Nate turned at the new voice. The click-click of the heels only surprised him slightly as he saw Angela approaching them.

She was wrapped tight in her coat, her pajama pants clearly visible and not enough protection against the winter wind outside. He should know, his own legs were cold too.

            “Have you heard anything?”

            “He’s out of surgery,” Harris said.

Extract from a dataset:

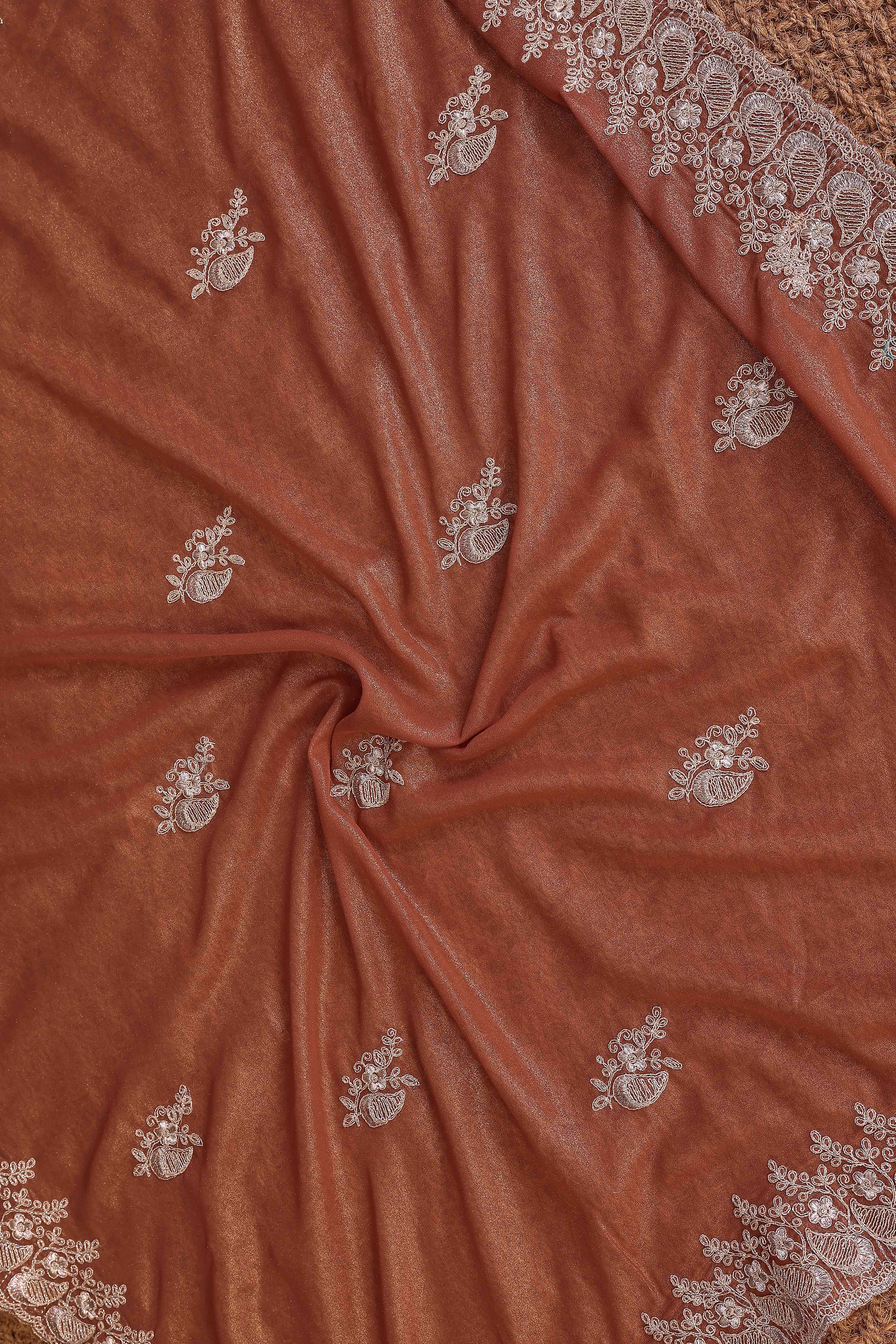 Brown Thread Work Embroidered Georgette Partywear Saree with Classic Designer Appeal - Image 8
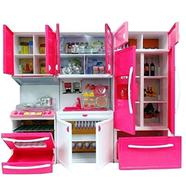 Modern Kitchen Toy Set Battery Operated Play Set with Refrigerator, Accessories, Fruits, Music and Lights, Pretend Play Toy (18X12 Inches) - QF26210HKS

Angela’s eyes went to Harrison then, and they misted over slightly.  Nate could only imagine what she was thinking. Probably something along the same lines that he was, about their first born and the very real dangers of losing them.

            “Is that good? That’s good right?” Angie said, coming over to Harris and holding him tightly.

There was a lot about Angie that bothered Harris. More than once, Nate had had to calm the boy over the years in regards to his mother, but today those thoughts were seemingly, thankfully, not present.

            “They’re moving him to ICU,” Nate explained. “We’ll get to see him then.”

Angie nodded. She rested her head against Harris’ shoulder, holding him tightly. His arms came around her too, and neither said anything. Nate started pacing, walking anxiously back and forth in front of the nurse’s station, waiting until someone came to tell them where Wesley was.

It was an agitating fourteen minutes before Nurse Tammy returned.